Over the years, right-wing parties have been generally viewed as more autocratic and less amenable to external influence. Indeed, the much-vaunted success of the British conservative party has often been attributed to a ruthless streak. Only in recent years were its members able to vote for its Leader, and many would view it as an unhappy experience.
The Labour movement, in contrast, always considered itself as more representative of its base. This is mostly cultural - and maybe dates from the old trope that young people used to join the Conservative party to meet socially at the Young Conservatives, and their equivalents in the Labour Party would meet in pubs to have intemperate arguments about policy (and only ever agree that it was all the fault of the media …!)
These old stereotypes are long out-of-date, but it still makes it difficult for Labour Ministers to convince its grassroots supporters that something planned and agreed upon in a Manifesto should go to a wider consultation. The view would have been that the party has decided – and there’s no reason for further dither and delay. Just do it!
It was the genius of Morgan McSweeney that enabled Labour to win the election handsomely with relatively modest proposals dressed up as a promise for change where the whole was presented as far greater than the sum of its parts. Only when confronted with the tough choices on implementing its ideas did Ministers really grapple with the need for consultation.
To his credit, Sir Keir Starmer’s can point to a vast number of meaningful consultations on employment rights, on planning laws and a whole range of significant public policy issues. They include:
- Heathrow expansion (National Policy statement)
- A regulatory framework for automated vehicles
- Changes to the process for modernising UK airspace
- Public safety (Martyn’s law)
- The use of Facial Recognition technology
- Decoupling gas prices from UK energy costs
- Changes to Immigration policy including ‘earned settlement’ proposals
- The Timms Review of Personal Independence Payments
- Tobacco and Vapes restrictions
- Re-selling of tickets
- Local government reorganisation – many separate consultations on local proposals
And several hundred others … Two particularly notable consultations include that on social media use by young people and on proposals for Special Educational Needs and Disability (SEND)
No-one can therefore accuse the Starmer Government of a failure to consult.
Most of these have been thoroughly professional, honest exercises in listening undertaken by conscientious officials ticking the relevant boxes. Okay; they still rely too much on jargon-infested documents and there is not enough genuine engagement or co-production.

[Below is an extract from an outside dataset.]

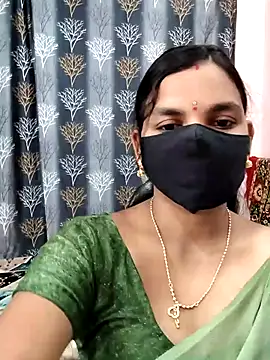 Snapshot of Lalitha-1995 chatting on June 2026 05:07:01 AM Lalitha-1995 online show from June 2026 05:07:01 AM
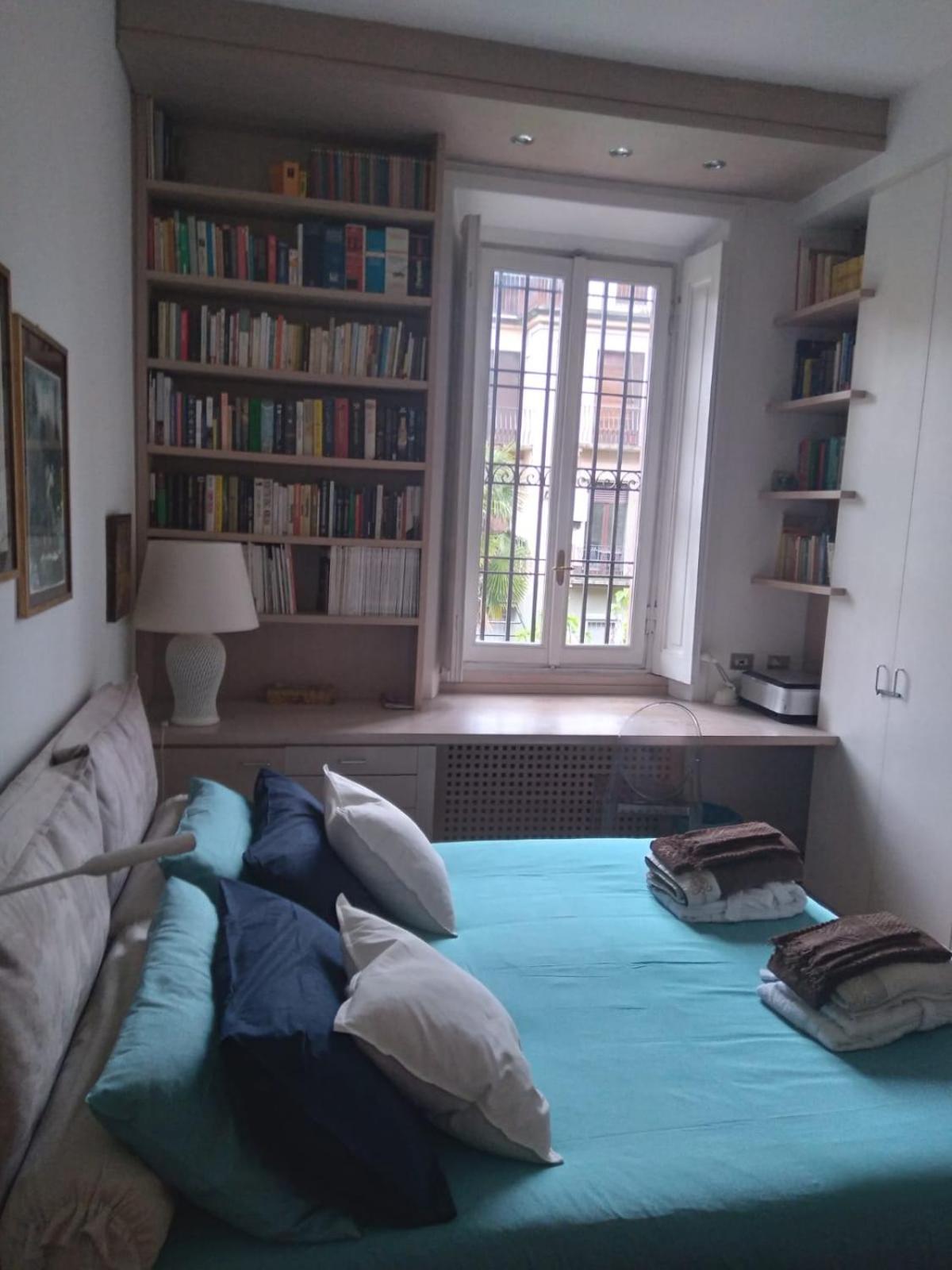 Casa Mari - Free Secure Parking, Breakfast, Private Bathroom, Wifi, Garden, Aircon, 3 Min Walk To Metro And Train Station มิลาน ภายนอก รูปภาพ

But overall, they are helpful in shaping policy and influencing legislation.
More questionable has been the real willingness to listen.
- The Department of Health conducted a massive, expensive national conversation on ‘A Health Service Fit for the Future’ with the intention that it should inform its Ten Year Plan which emerged in July 2025. In fact, the output of the consultation was not published until six months later – fully 14 months after the exercise began. Late publications of consultation output (less forgivable now we have AI) remains a problem and makes it hard to be convinced that policymakers are truly listening,
- Home Office lawyers continue to spend public money going to the High Court to defend poor consultation practice – by previous Conservative Ministers! In the latest case, the charity Freedom from Torture has won its case that the then Home Secretary, James Cleverly, had failed to consult experts it had previously engaged with before making significant amendments to its Allocation of Asylum Accommodation policy.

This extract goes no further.